Rising overheads, reduced tax allowances and static (in some places) rents mean that it is more important than ever for buy to let landlords to make sure that the numbers add up when owning buy to let property. One way, in fact the very best way, to do this is to look at how you can increase your letting yields. Or in other words, how to make more money from the same property.
Fortunately there is not just one way to increase your buy to let letting yields, but a whole raft of measures that you can deploy. In this report we will look at some property investment strategies that will help improve your letting yields.

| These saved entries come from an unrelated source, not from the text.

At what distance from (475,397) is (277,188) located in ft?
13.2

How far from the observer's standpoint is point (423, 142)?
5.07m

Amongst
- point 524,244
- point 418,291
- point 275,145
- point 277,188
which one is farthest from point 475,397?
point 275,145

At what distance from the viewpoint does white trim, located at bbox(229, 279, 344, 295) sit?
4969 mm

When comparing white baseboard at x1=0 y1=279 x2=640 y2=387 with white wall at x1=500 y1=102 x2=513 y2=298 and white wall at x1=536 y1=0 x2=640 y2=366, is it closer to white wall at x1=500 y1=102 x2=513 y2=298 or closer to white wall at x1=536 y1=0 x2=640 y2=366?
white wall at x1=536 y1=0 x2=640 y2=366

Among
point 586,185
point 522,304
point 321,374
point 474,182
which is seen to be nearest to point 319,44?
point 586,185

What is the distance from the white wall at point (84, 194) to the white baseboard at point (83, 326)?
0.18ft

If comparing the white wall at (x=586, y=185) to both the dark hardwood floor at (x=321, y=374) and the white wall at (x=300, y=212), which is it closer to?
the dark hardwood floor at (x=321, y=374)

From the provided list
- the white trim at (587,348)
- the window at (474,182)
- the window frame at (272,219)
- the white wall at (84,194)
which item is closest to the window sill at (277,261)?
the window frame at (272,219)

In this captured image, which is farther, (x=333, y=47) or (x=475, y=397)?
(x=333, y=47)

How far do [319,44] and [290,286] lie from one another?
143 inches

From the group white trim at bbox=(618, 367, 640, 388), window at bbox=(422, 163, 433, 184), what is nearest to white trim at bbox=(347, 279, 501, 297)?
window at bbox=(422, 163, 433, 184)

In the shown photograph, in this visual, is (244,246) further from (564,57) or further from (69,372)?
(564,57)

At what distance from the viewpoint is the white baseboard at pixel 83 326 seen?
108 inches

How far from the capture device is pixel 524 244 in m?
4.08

1. Simple but often overlooked – just raise the rent. Rent rises in the private sector have been low or static in many cases in recent years, so it might be perfectly possible to make an increase.
Check local rental levels and demand to see if this is practical. Landlords exiting the market means that some areas now have a shortage of rental property.

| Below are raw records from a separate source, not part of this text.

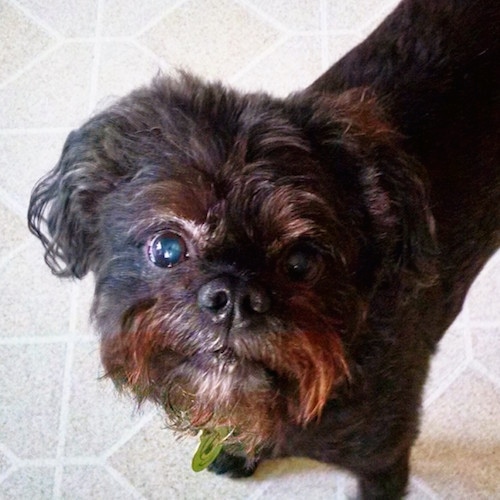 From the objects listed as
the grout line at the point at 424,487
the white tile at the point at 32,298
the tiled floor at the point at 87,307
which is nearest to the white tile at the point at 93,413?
the tiled floor at the point at 87,307

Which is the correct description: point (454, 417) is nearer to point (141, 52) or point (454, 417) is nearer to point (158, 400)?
point (158, 400)

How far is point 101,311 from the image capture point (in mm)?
1120

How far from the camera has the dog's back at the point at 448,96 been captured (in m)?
1.35

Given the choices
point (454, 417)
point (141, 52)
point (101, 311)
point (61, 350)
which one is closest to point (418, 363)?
point (454, 417)

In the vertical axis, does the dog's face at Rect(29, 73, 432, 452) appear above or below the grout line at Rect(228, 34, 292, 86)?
above

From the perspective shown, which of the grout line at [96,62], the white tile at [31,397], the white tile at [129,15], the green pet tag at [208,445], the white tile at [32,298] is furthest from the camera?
the white tile at [129,15]

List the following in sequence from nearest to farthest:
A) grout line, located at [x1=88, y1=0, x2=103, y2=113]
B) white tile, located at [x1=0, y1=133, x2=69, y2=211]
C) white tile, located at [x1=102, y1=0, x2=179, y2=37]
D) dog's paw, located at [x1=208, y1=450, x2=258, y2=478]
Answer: dog's paw, located at [x1=208, y1=450, x2=258, y2=478] < white tile, located at [x1=0, y1=133, x2=69, y2=211] < grout line, located at [x1=88, y1=0, x2=103, y2=113] < white tile, located at [x1=102, y1=0, x2=179, y2=37]

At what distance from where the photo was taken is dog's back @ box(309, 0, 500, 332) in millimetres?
1347

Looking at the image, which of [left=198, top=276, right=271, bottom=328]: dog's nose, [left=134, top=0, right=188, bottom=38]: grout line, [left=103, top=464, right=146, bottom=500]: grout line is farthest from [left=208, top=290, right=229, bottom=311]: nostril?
[left=134, top=0, right=188, bottom=38]: grout line

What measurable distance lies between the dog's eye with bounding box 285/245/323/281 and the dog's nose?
8cm

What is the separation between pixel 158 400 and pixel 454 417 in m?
0.83

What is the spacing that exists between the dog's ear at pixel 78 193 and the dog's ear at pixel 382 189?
0.30 meters

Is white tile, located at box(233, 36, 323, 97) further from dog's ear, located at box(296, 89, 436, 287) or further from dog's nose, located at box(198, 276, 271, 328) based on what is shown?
dog's nose, located at box(198, 276, 271, 328)

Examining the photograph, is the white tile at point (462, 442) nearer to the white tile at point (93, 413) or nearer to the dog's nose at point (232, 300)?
the white tile at point (93, 413) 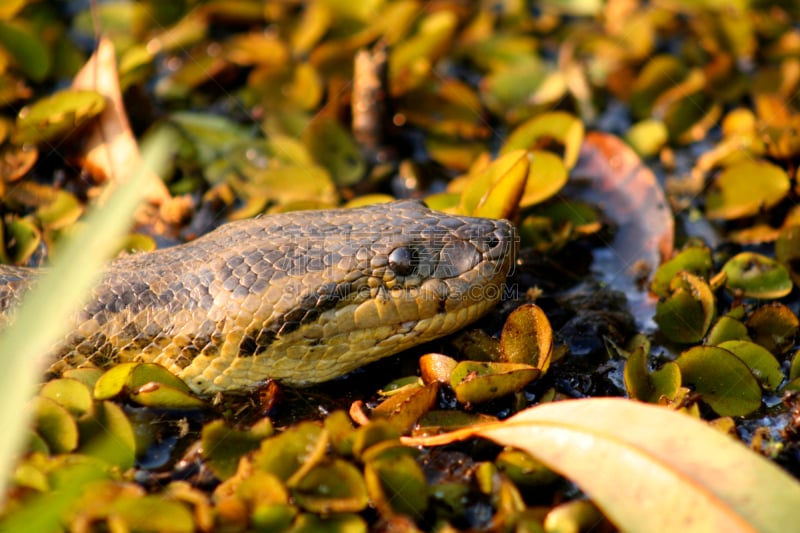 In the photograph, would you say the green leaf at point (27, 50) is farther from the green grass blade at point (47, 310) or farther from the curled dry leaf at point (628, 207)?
the green grass blade at point (47, 310)

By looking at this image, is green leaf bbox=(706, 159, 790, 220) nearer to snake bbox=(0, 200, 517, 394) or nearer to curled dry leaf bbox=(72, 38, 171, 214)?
snake bbox=(0, 200, 517, 394)

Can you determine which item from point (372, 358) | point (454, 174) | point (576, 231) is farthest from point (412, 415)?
point (454, 174)

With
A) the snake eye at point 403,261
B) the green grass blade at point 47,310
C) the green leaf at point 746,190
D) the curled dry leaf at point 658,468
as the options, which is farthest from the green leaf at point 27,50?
the green leaf at point 746,190

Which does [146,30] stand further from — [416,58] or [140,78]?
[416,58]

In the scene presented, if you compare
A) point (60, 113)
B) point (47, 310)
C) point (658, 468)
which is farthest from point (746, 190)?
point (60, 113)

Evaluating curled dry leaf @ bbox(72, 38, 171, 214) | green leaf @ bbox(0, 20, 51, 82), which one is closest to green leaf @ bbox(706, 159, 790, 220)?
curled dry leaf @ bbox(72, 38, 171, 214)

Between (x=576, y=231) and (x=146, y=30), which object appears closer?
(x=576, y=231)

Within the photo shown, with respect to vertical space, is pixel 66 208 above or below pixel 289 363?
above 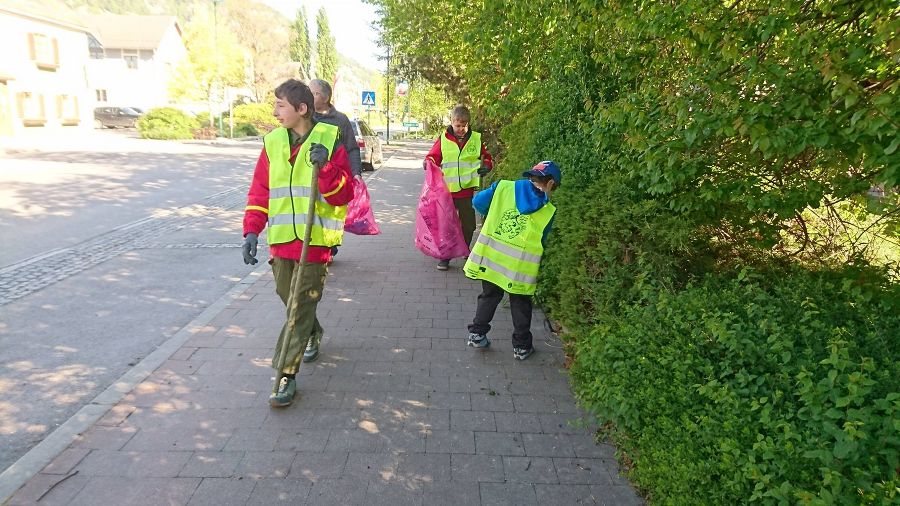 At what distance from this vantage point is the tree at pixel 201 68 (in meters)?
38.2

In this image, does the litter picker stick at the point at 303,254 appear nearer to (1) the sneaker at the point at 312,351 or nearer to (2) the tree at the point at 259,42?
(1) the sneaker at the point at 312,351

2. Buy property in cheaper areas. As a very general rule, where prices are lower rents are usually also lower but not proportionately so. So simple maths says that yields will be higher.
3. Buy in places where demand for property is high and supply is low. Chances are you’ll be able to let your property at a premium, raising yields.
Local agents are well placed to advise you where these areas are, and what types of property are sought after.
4. Invest in shared properties – houses of multiple occupation or HMOs. It pretty much goes without saying that the yield will be higher, usually substantially higher, than single occupancy properties.
5. Invest in property that can be let to students. Student property almost always returns a higher yield …. in normal times. Property let to overseas students may be capable of returning an even higher yield. But – be aware Covid is impacting this market right now.
Here’s an Insider report on investing in student property.
6. If investing in apartments choose properties that are suitable for letting to two sharers, ie. two friends/colleagues (not a couple) because they have two adequately sized bedrooms.
When there are two people to pay the rent you can usually charge a premium.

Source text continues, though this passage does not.